The field cache implementation would make sure what you asked for is filled up before passing it back (though i think this has some concurrency issue)

  public ByteValues getByteValues(IndexReader reader, String field, EntryConfig config) throws IOException
  {
    ByteValues vals = (ByteValues) caches.get(Byte.TYPE).get(reader, new Entry(field, config));
    if( vals.values == null && config.cacheValues() ) {
      populator.fillByteValues(vals, reader, field, config);
    }
    if( vals.valid == null && config.cacheValidBits() ) {
      populator.fillValidBits(vals, reader, field, config);
    }
    return vals;
  }

The Cache would then delegate the creation to the populator:

    `@Override`
    protected final ByteValues createValue(IndexReader reader, Entry entry, CachePopulator populator) throws IOException {
      String field = entry.field;
      EntryConfig config = (EntryConfig)entry.custom;
      if (config == null) {
        return wrapper.getByteValues(reader, field, new EntryConfig() );
      }
      ByteValues vals = new ByteValues();
      if( config.cacheValues() ) {
        populator.fillByteValues(vals, reader, field, config);
      }
      else if( config.cacheValidBits() ) {
        populator.fillValidBits(vals, reader, field, config);
      }
      else {
        throw new RuntimeException( "the config must cache values and/or bits" );
      }
      return vals;
    }

The fillByteValues would be the same code as always, but I think the CachedArray should make sure the same parser is used everytime

    `@Override`
    public void fillByteValues( CachedArray vals, IndexReader reader, String field, EntryConfig config ) throws IOException
    {
      ByteParser parser = (ByteParser) config.getParser();
      if( parser == null ) {
        parser = FieldCache.DEFAULT_BYTE_PARSER;
      }
      // Make sure it is the same parser
      int parserHashCode = parser.hashCode();
      if( vals.parserHashCode != null && vals.parserHashCode != parserHashCode ) {
        throw new RuntimeException( "Subsequent calls with different parser!" );
      }
      vals.parserHashCode = parserHashCode;
     ...

This is different then the current code where asking for the cached values with two different parsers (that return different hashcodes) will make two entries in the cache.

This approach would let us:

asfimport commented 14 years ago

Yonik Seeley (@yonik) (migrated from JIRA)

Now we're talking!

Q: why aren't the CachePopulator methods just directly on EntryConfig - was it easier to share implementations that way or something?

Also:

Anyway, all that's off the top of my head - I'm sure you've thought about it more at this point.

asfimport commented 14 years ago

Ryan McKinley (@ryantxu) (migrated from JIRA)

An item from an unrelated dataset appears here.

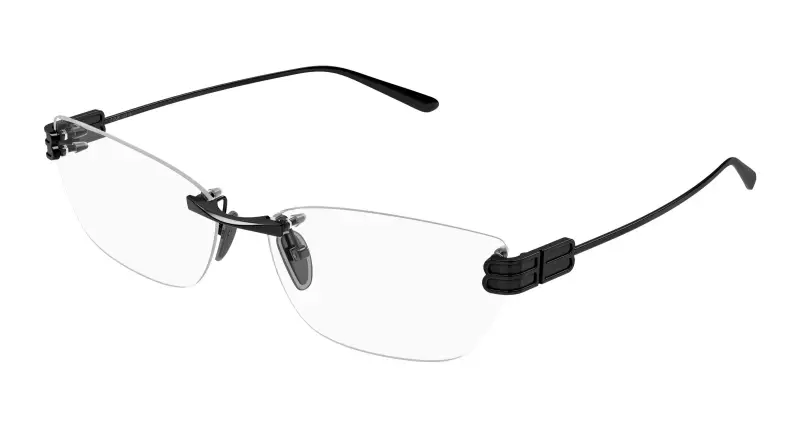 Donna Balenciaga BB0490O 002 Montature da vista Metallo Nero Trasparente Squadrata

Q: why aren't the CachePopulator methods just directly on EntryConfig - was it easier to share implementations that way or something?

Two reasons (but I can be talked out of it)

  1. this approach separates what you are asking for (bits/values/etc) from how they are actually generated (the "populator"). Something makes me uncomfortable about the caller asking for Values needing to also know how they are generated. Seems easy to mess up. With this approach the 'populator' is attached to the field cache, and defines how stuff is read, vs the 'EntryConfig' that defines what the user is asking for (particulary since they may change what they are asking for in subsequent calls)

  2. The 'populator' is attached to the FieldCache so it has consistent behavior across subsequet calls to getXxxxValues(). Note that with this approach, if you ask the field cache for just the 'values' then later want the 'bits' it uses the same populator and adds the results to the existing CachedArray value.

It doesn't seem like we need two methods fillValidBits , fillByteValues

The 'fillValidBits' just fills up the valid bits w/o actually parsing (or caching) the values. This is useful when:

  1. you only want the ValidBits, but not the values (Mike seems to want this)
  2. you first ask for just values, then later want the bits.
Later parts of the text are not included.